◆ WHAT IS NEEDED:
Reproduce the data below exactly as written. Pictures do not belong in the copy.

◆ RECORDED INFORMATION:
◇ ◇ ◇

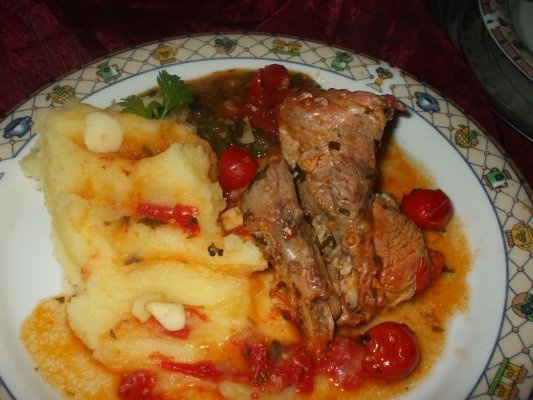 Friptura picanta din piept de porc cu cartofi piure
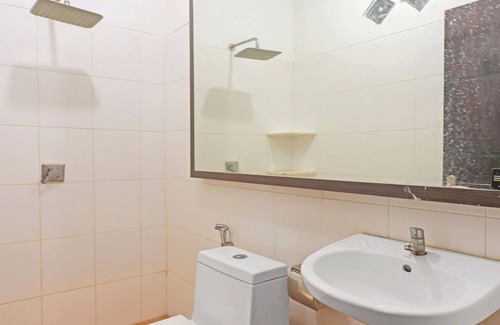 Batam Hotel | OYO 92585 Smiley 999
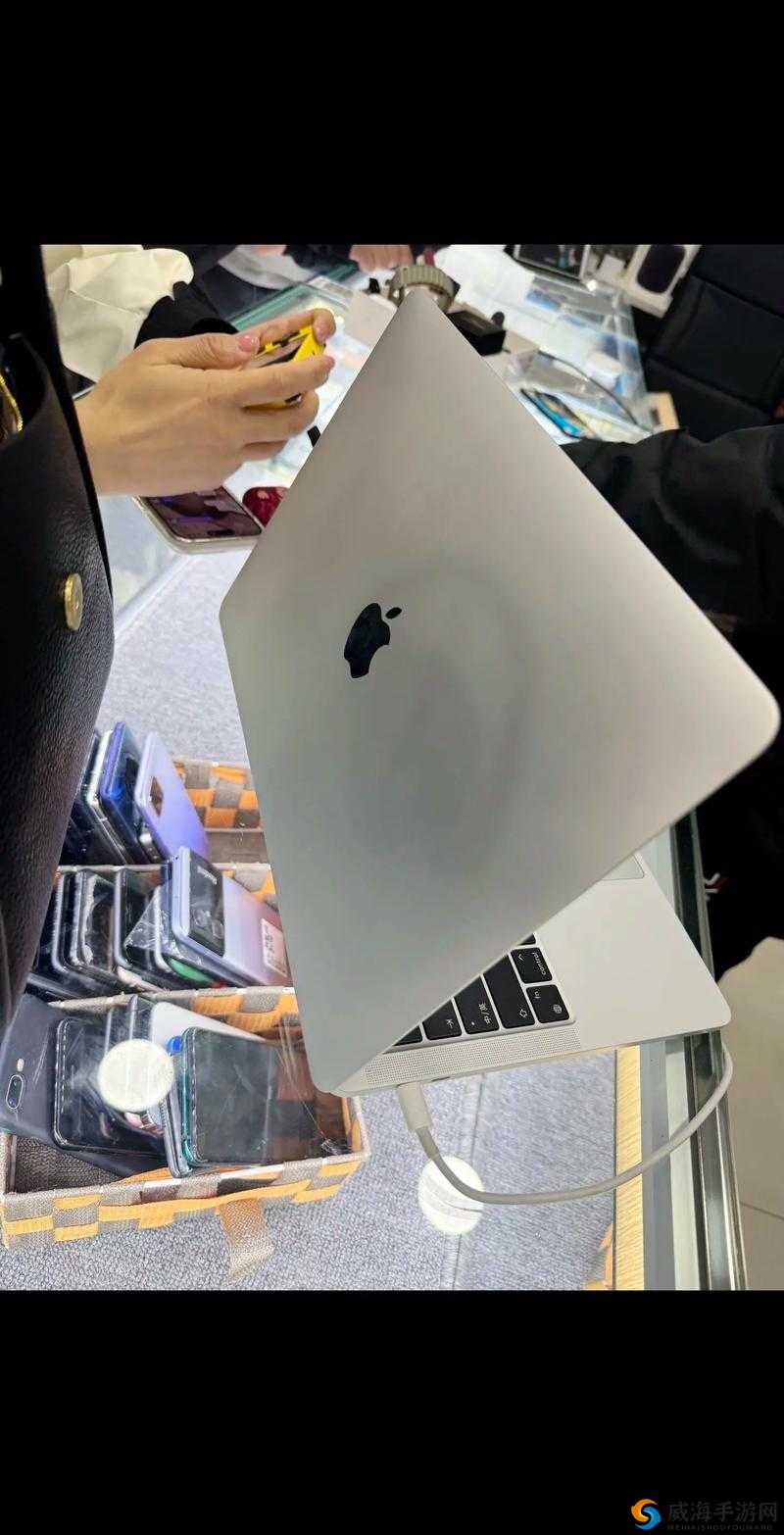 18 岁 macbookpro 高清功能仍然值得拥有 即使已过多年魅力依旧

◇ ◇ ◇

◆ WRITTEN RESPONSE:
 Friptura picanta din piept de porc cu cartofi piure
 Batam Hotel | OYO 92585 Smiley 999
 18 岁 macbookpro 高清功能仍然值得拥有 即使已过多年魅力依旧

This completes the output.